- **SOURCE MATERIAL**

....

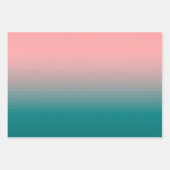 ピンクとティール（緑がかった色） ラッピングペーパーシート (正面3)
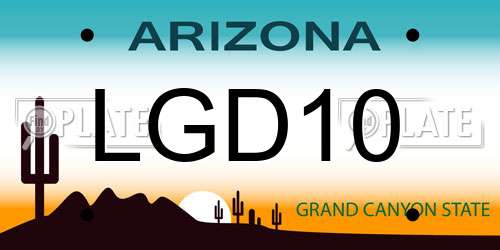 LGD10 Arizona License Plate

....

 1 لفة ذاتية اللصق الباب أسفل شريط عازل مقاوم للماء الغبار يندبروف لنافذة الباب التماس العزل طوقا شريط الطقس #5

....

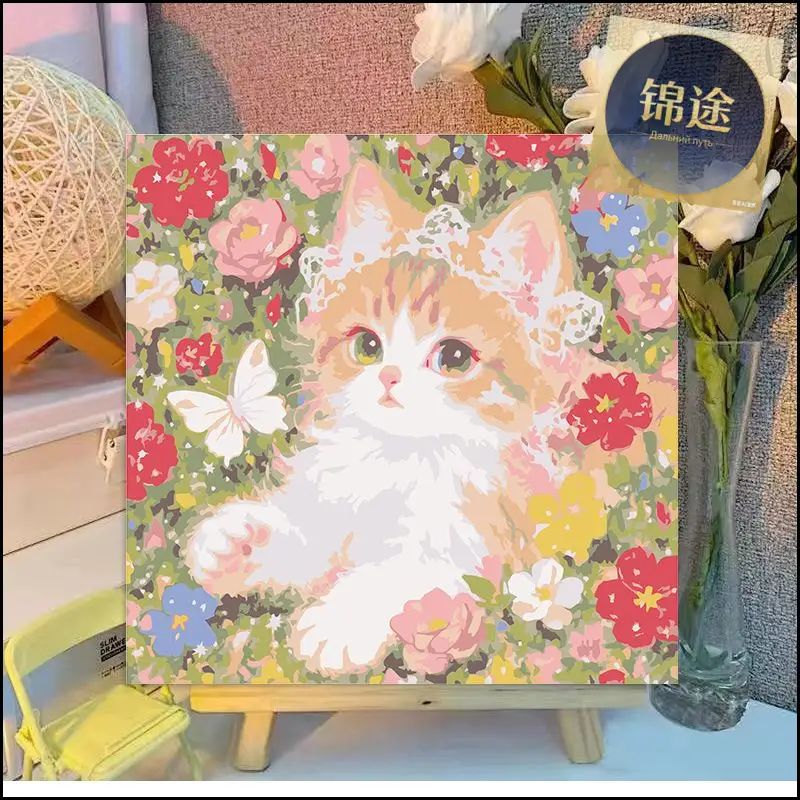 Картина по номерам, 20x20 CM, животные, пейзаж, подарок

....

- **YOUR TASK**
The line holding "ピンクとティール（緑がかった色） ラッピングペーパーシート (正面3)" starts the copy and the line holding "LGD10 Arizona License Plate" ends it. Repeat those two lines above and all between them exactly, leaving out pictures.

- **SOLUTION FOR THIS PROBLEM**
 ピンクとティール（緑がかった色） ラッピングペーパーシート (正面3)
 LGD10 Arizona License Plate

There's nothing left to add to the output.